Thank you in advance (I'm such a noob  )


----------



## Troll Wizard (May 3, 2012)

First let me say Hi...and depending on how tall your son is, you may be able to find a really large duffel bag to have him roam inside with. I know my son has one that he got and he's just over 6ft tall and he can get inside his without any problems. The only problem I would see with a large garbage bag is that they may tear with him being inside.

The other option would be to go online at this time and check out maybe either Spencer or Spirit.com to see about getting a body bag prop from them. They may only be available for adults sizes and not for younger kids. There are a lot of companies out there online for Halloween stuff that you can choose from.


----------



## ZombieMa (Jul 16, 2013)

You could sew one from some fabric, or a bedsheet. You can also buy clear vinyl by the yard at the fabric store. If you made the front clear vinyl and the back black, then he could do more than just have his face sticking out (maybe a t-shirt that you paint to look like a torso that's been through an autopsy? I would probably just cut a hole in the clear vinyl for his face to stick out of, finish the cut edge with black electrical tape, and then put a strip of tape down the middle of the clear vinyl to look like a zipper (in the dark, anyhow).
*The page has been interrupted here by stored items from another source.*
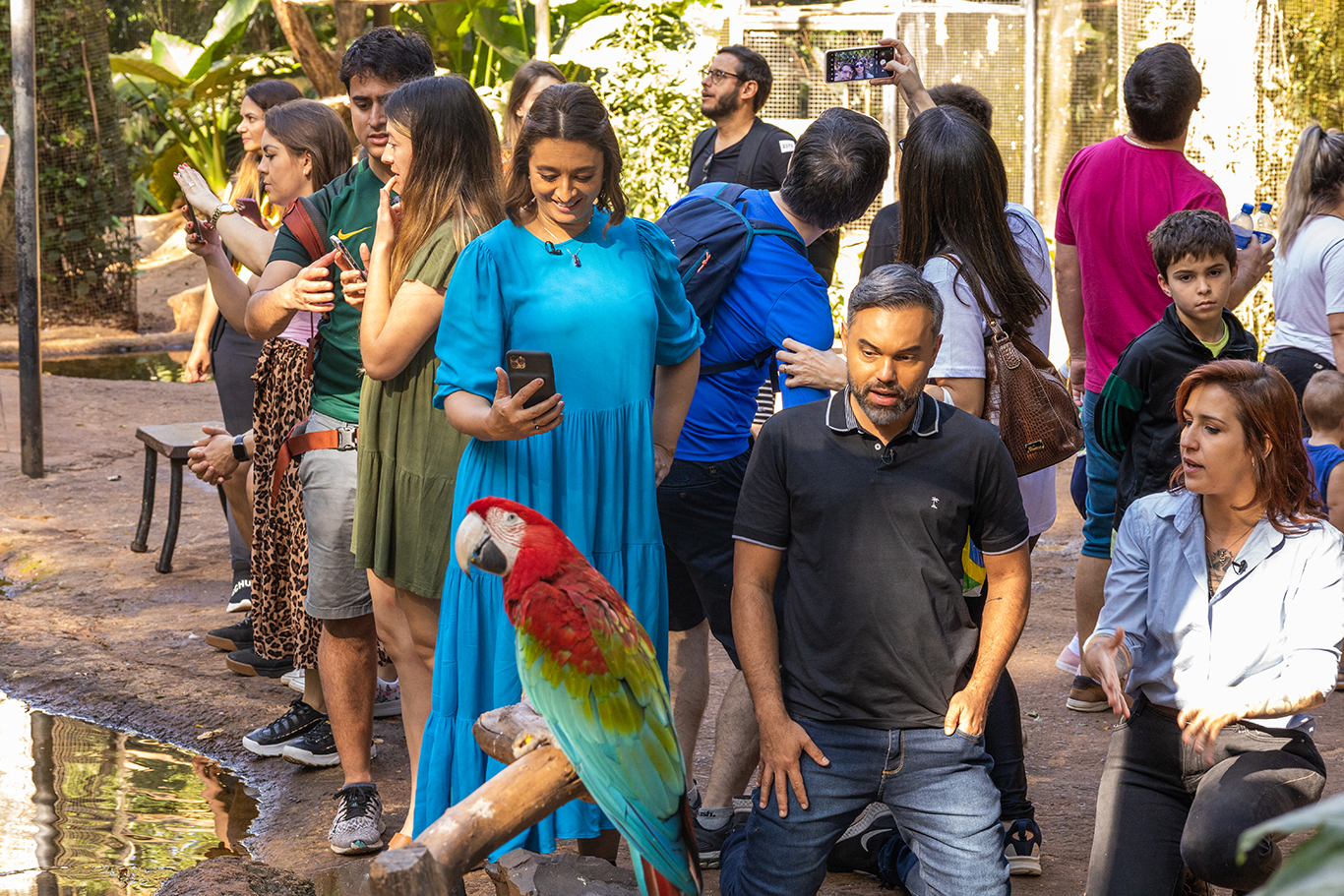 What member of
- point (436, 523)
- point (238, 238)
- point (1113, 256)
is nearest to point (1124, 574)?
point (436, 523)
If you want to use fabric for the front and back, then use fray check to seal the cut edge of the fabric around the face hole, and fabric paint to add a zipper-like detail. You could also paint words on, like "property of city morgue" or "county coroner." You can print out the shape of the words you want on paper or cardstock, and then use an xacto knife to cut out the words so you have a stencil. Just make sure you use a thick blocky font so you can cut easily. Then tape it to the fabric and spray paint it.


----------



## DandyBrit (May 23, 2013)

I saw someone who had made a body bag that her legs stuck out at the bottom of and her head at the top, and it was just a vinyl suit/coat storage bag that you can store stuff hung up in the wardrobe in - the ones with the zip at the front if you know what I mean


----------



## Haunted Spider (Sep 6, 2010)

Depending on how crafty you are, here is my suggestion. Make a body bag with a long zipper in the front out of a sheet or other suitable material and a sewing machine, so it fits your son's height. Then go buy several cans of spray on bed liner, or Rustoleum leak seal, and spray the whole thing. The liner and sealer are both black, and would rubberize the custom bag you made, making like a rubber material body bag. Print on it county morgue or whatever you want, dirty it up good, tear some holes in it, make the arm and leg slits which I would do as controlled tears which are not even with each other so it looks like he was trying to get out of it, and have fun. That is how I would do it.

Just protect the zipper when you spray or it won't work anymore.


----------



## fontgeek (Jul 24, 2006)

Keep in mind that making this waterproof is also going to make it a sweat box for the person "wearing" it.


----------



## awokennightmare (Jan 31, 2013)

Your best bet is to make it. The suggestions above sound good to me.


----------